Neurotransmitter analysis—although still considered a research tool, this easily done urine test measures levels of serotonin, epinephrine, norepinephrine, GABA and dopamine. If you are having problems with depression, anxiety or mood disorders, this test can be helpful in determining what supplements would be beneficial and which prescription might be best for your symptoms. It is the second morning urine and is sent in to the lab from you home.
SpectraCell—Functional Intracellular Analysis™ (FIA™) are patented tests for assessing the function of specific vitamins, minerals, antioxidants and other essential micronutrients within an individual’s white blood cells (lymphocytes). This diagnostic blood test assess the intracellular function of essential micronutrients and is a clinically effective diagnostic tool for the prevention and management of chronic disease conditions.
Essential and Metabolic Fatty Acids—evaluates the level of red cell membrane or plasma fatty acids, imbalances which significantly affect inflammatory and other disorders. By knowing the various fatty acid levels, one can reestablish a balance using nutritional intervention. A simple AA (arachidonic acid/EPA ratio) can determine if you have a healthy level of fatty acids in your blood.

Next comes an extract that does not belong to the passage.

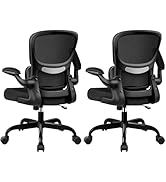 BESTFAIR Office Chair Ergonomic Desk Chair, Breathable Mesh Comfy Chair with Lumbar Support, Comp...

Organic Acids—measure urinary acids that are metabolic intermediates produced in pathways of central energy production, detoxification, neurotransmitter breakdown, or intestinal microbial activity. This is a sample of first morning urine and indicates nutrient deficiencies, oxidative damage markers, bacterial and yeast overgrowth, and cellular energy production. This test is especially helpful for undiagnosed chronic fatigue, learning disabilities and autism.

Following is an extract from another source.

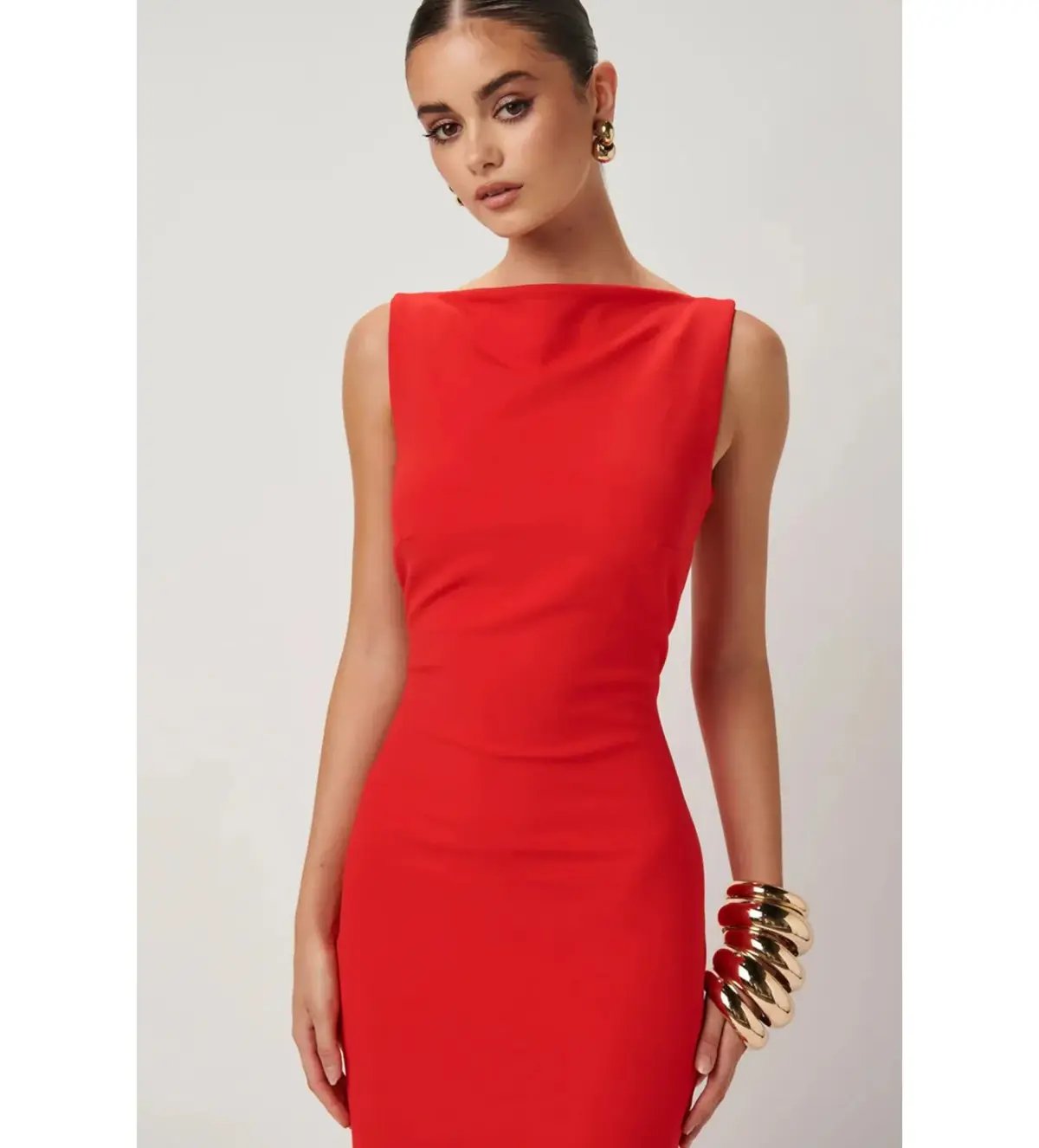Effie Kats Verona Gown Red Size XS / AU 6 photo 3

Amino Acid Analysis—examines fasting blood or 24-hour urine samples for 40+ amino acids. Results can provide valuable biochemical information about many disorders, including chronic fatigue, learning disabilities, depression and immune problems.

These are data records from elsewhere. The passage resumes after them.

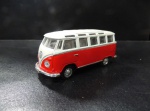 MINIATURA - VOLKSWAGEN KOMBI CORUJINHA. COM ABERTURA DAS PORTAS. APROX. 11CM. - USADO NO ESTADO CONFORME FOTOS - ITEM SERA ENVIADO DO RS.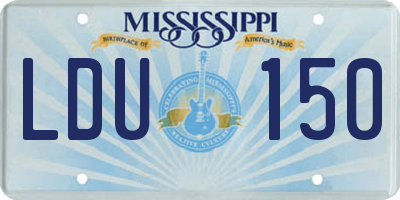MS license plate LDU150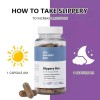 1/2/3 Pack Slippery Box Slippery Elm Bark Caps for Vaginal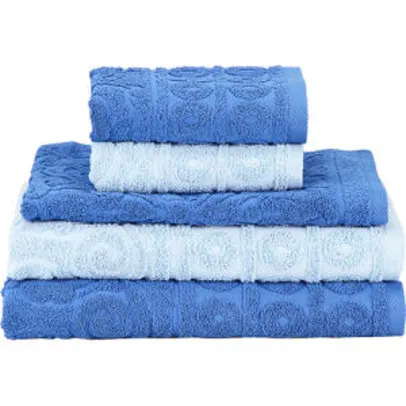 Jogo de toalha banhão bonsai 5 peças 100% algodão | R$90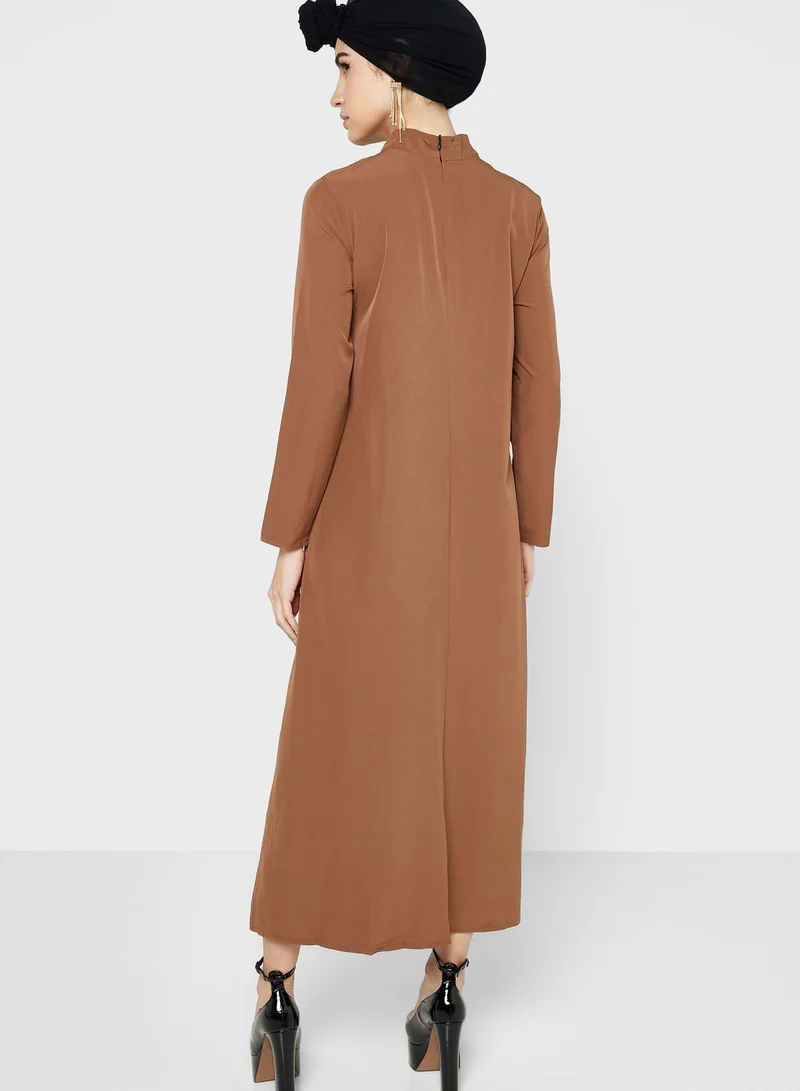 Khizana Ruffle Detail Dress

Estrogen Metabolism Index—evaluates how estrogen is being processed in the body. The tests yield clinical insight into many estrogen-dependent conditions and provide important tools for monitoring dietary, lifestyle and hormone therapies.
Genomic testing—is currently available for numerous chronic diseases, including cardiovascular disease, osteoporosis, detoxification impairments, immunological defects and chronic inflammatory conditions. Genomic testing helps us to identifying causes as well as precise solutions for treatment and prevention. Using gene SNPs (single nucleotide polymorphism) helps identify those physiological risks unique to an individual that are causative in many disease processes and are modifiable using diet, nutritional intervention, lifestyle changes and specific pharmacological intervention, thus lowering risk.
Comprehensive Digestive Stool Analysis—uses advanced GI biotechnology to evaluate digestion, absorption, pancreatic function, and inflammation, in addition to bacterial balance, yeast, and parasite infection. This profile features exclusive new markers for assessing irritable bowel syndrome, sub-mucosal inflammation, colorectal cancer risk, pancreatic insufficiency, and occult infection.
Food Allergy Antibody Testing—measure the presence of antibodies to foods. By identifying levels of IgG 1 and 4 as well as IgE, this test determines the allergic response when then delayed immune response occurs within 24 – 72 hours after heating a food as opposed to the skin test, which is the more immediate response.